What are the fundamental principles in Ayurveda that govern mental health? In this article, we’ll explore how the ancient wisdom guides us to care for mental health, naturally. We’ll also uncover the revelatory connection between mental health and immunity.
« During pandemics, people who are not mentally resilient require extra assistance, breaking down with low thresholds for trauma and showing poor stress management
—Dr. Bhattacharya, Bhattacharya, Fulbright Specialist, Public Health-Integrative Medicine, Weill Cornell Medical College and an Ayurvedic Practitioner
The COVID-19 pandemic led to another crisis: it took a major toll on the mental health of millions across the globe. The past year, many people experienced increased worry about their health, jobs and their loved ones. Many have suffered from loneliness or lack of space in relationships, and are continually anxious about the economy and how the future will unfold. The latest data reveals staggering spikes in anxiety, depression, substance use, drug overdose and suicide rate. A recent survey by the CDC on adult mental health found that more than 40% of U.S. adults have reported at least one mental health issue during this pandemic, and more than 1 in 10 adults had seriously considered suicide.
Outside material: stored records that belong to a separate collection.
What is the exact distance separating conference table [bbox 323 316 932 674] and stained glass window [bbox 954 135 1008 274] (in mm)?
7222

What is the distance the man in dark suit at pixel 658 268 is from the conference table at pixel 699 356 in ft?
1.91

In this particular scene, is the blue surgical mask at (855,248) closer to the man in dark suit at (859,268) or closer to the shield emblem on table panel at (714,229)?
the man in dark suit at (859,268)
During this period, 7 out of 10 young adults (18-24 years old) reported experiencing symptoms of anxiety and depression, and more than 25% have seriously considered suicide.
What better time to talk about Ayurveda and mental health?! Vaidya. Jayarajan Kodikannath, Director of Kerala Ayurveda USA addressed this in a “Wednesday Wisdom” Facebook live session with the insight that stress is our own internal response to circumstances outside of us. There was an outpouring of concerns participants shared, from loneliness to extended media time, insomnia, anxiety, food cravings and worries about the future. Let’s look at the Ayurvedic perspective of how this occurs and what we can do about it for ourselves, clients and dear ones.
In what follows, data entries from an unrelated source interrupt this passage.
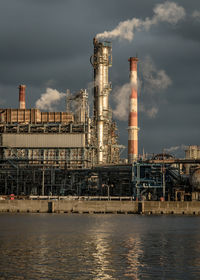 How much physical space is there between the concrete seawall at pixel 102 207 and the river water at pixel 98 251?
1782 cm

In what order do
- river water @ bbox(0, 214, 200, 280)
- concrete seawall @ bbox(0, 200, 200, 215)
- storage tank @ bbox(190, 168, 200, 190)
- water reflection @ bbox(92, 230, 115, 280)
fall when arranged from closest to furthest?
water reflection @ bbox(92, 230, 115, 280)
river water @ bbox(0, 214, 200, 280)
concrete seawall @ bbox(0, 200, 200, 215)
storage tank @ bbox(190, 168, 200, 190)

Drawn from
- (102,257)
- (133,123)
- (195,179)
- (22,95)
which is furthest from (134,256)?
(22,95)

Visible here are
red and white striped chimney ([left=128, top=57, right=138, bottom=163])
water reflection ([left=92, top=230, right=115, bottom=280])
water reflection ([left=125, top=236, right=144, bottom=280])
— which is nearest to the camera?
water reflection ([left=92, top=230, right=115, bottom=280])

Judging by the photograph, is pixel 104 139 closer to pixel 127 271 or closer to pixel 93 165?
pixel 93 165

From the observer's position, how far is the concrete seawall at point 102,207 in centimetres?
10006

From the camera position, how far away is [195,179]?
106 meters

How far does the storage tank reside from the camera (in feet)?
347

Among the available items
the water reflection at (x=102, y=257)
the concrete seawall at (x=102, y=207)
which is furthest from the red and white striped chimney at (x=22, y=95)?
the water reflection at (x=102, y=257)

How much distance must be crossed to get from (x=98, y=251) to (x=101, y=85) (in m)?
93.9

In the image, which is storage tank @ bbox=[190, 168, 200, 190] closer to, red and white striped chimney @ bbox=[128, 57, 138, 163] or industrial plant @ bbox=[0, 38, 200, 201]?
industrial plant @ bbox=[0, 38, 200, 201]

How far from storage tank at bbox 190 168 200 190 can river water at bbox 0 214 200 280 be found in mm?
24863

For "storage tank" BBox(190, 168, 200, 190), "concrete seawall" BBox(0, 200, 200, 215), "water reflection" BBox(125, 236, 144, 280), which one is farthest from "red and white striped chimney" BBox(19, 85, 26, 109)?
"water reflection" BBox(125, 236, 144, 280)

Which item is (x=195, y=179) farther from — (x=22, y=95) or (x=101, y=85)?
(x=22, y=95)

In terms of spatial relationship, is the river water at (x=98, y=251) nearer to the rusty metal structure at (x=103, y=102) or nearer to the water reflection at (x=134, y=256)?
the water reflection at (x=134, y=256)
Ayurvedic psychology and mind-body connection
Case scenario: Sam’s linked anxiety
10-year-old Sam’s Mom takes him to a Vaidya (Ayurvedic Doctor) because he has allergies and asthma. The minute Sam sits across from him, he bursts into tears. His Vaidya very kindly reassures him, “Don’t worry, you’ve revealed what is bothering you.” Sam has an anxiety diagnosis from his therapist, and his Vaidya has observed how this is linked to his other symptoms as a severe imbalance of the Vata Dosha, or air and ether energy principle. He has the typical expressions: the allergies and asthma, which his mom has observed; additionally, he experiences sensitivity, random aches and pains, restlessness, sleep issues and spacey dreams. After a protocol of Vata management, not only do Sam’s asthma symptoms improve but his anxiety reduces, and he grows in confidence.
Mind and body: it’s all the same
Ayurveda defines health as Swasthya (being balanced in the self), enumerated in the root text, Sushruta Samhita as:
Sama Dosha Sama Agnischa Sama Dhatu Mala Kriyaha |
Prasanna Atma Indirya Manaha Swastha Iti Abhideyate ||
Health is a state of equilibrium of the Doshas (energy principals), Agni (digestive and metabolic fire), Dhatus (tissues), Malas (excretion) and homoeostasis involving a blissful state of spirit, sense organs and mind.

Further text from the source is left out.